__SUPPLIED RECORDS__:
= = =

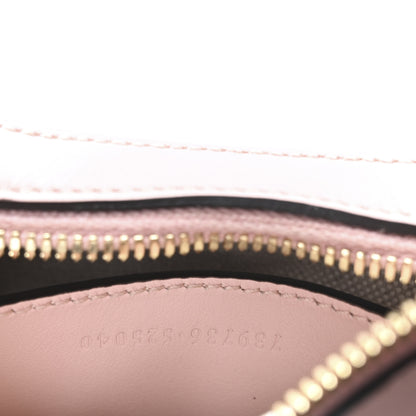 Gucci Calfskin GG Matelasse Mini Hobo Shoulder Bag Perfect Pink Natural 7 of 10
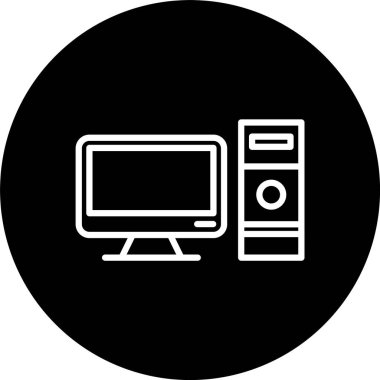 Bilgisayar Satırı Tersine Döndürülmüş Simge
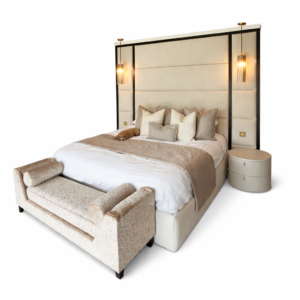 Luxury Bespoke Headboard & Base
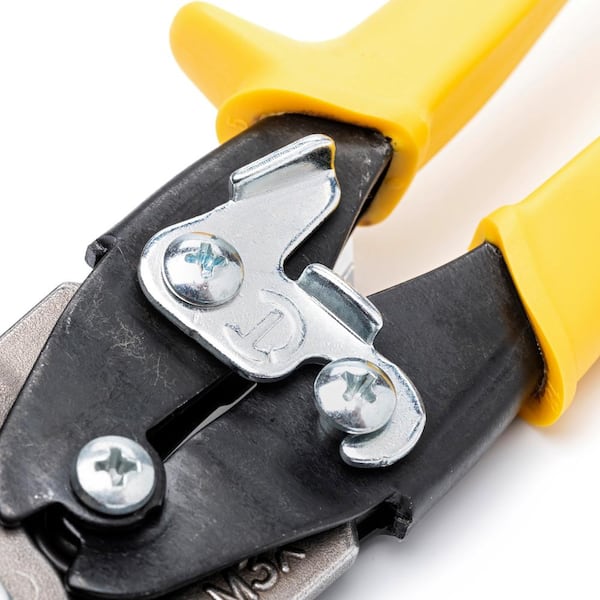 Crescent - Wiss 9-3/4 in. Compound Action Straight, Left, and Right Cut Aviation Snips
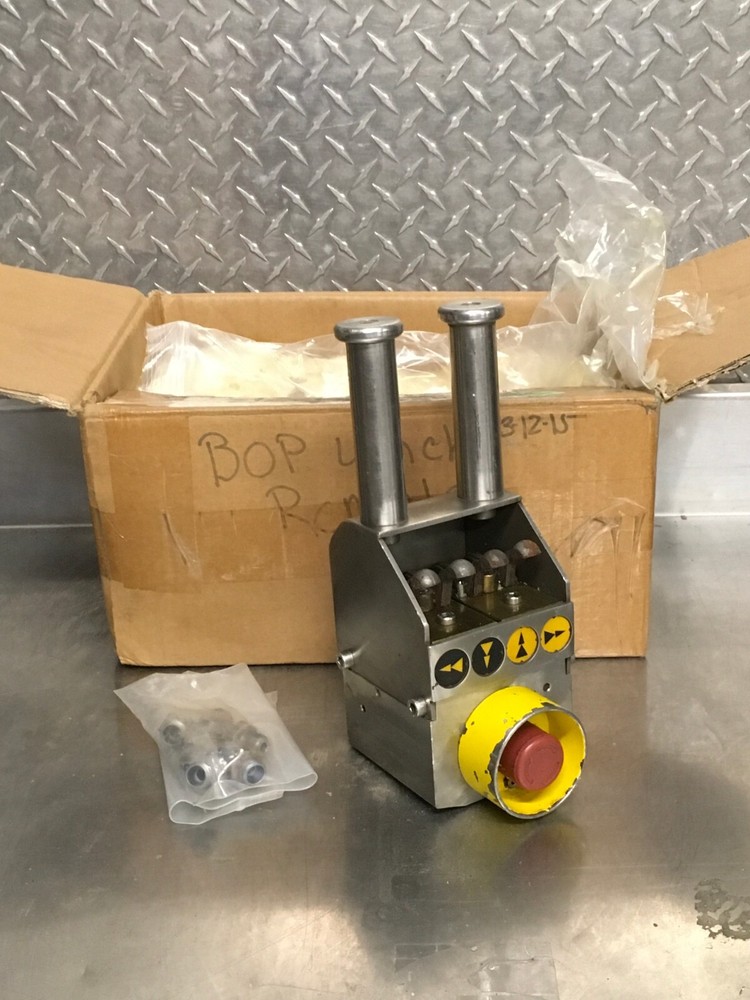 Hydraulic Winch Pendant Control Remote With Emergency Stop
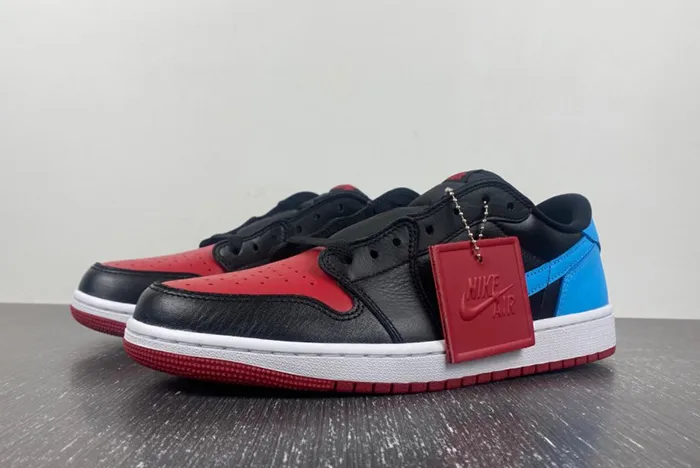 Air Jordan 1 Low OG WMNS UNC to Chicago CZ0775-046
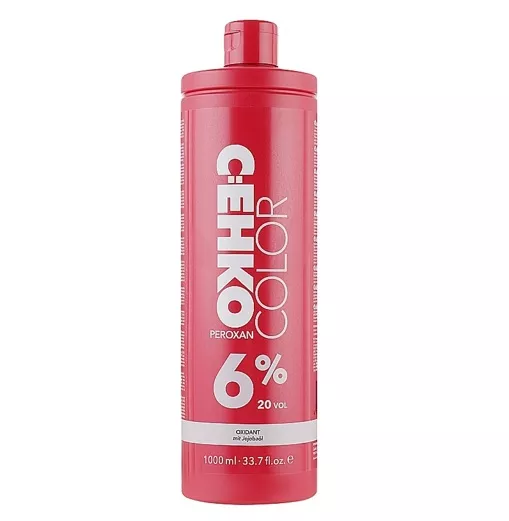 Окислювальна емульсія Пероксан  6%  1000мл Peroxan COLOR C:EHKO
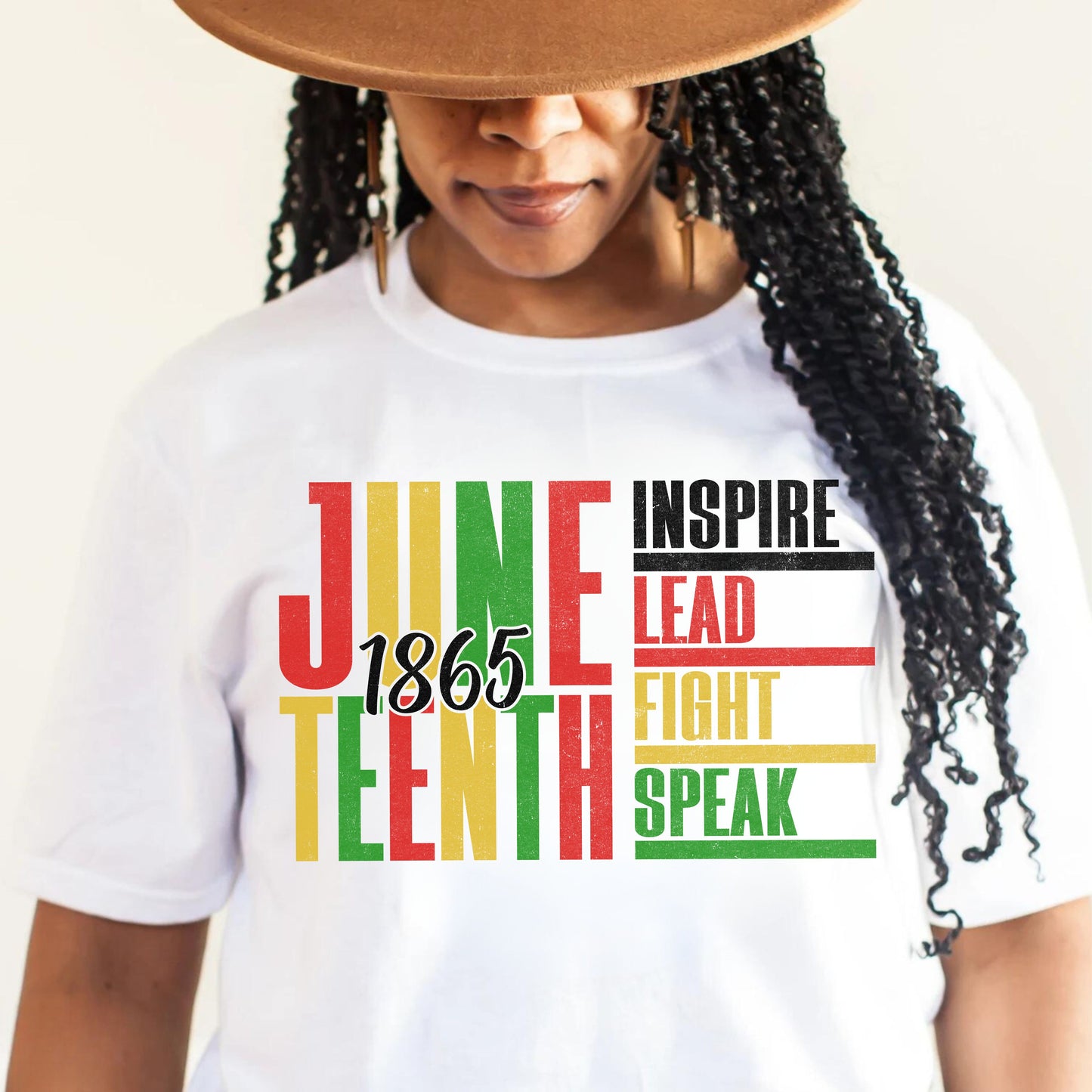 Inspire Lead Fight Speak 1865 Juneteenth 05055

= = =

__WHAT TO WORK ON__: The lines to repeat run from the line containing "Окислювальна емульсія Пероксан" through the last line of the material above; give them exactly, without the pictures.

__ANSWER TO THE EXERCISE__:
 Окислювальна емульсія Пероксан  6%  1000мл Peroxan COLOR C:EHKO
 Inspire Lead Fight Speak 1865 Juneteenth 05055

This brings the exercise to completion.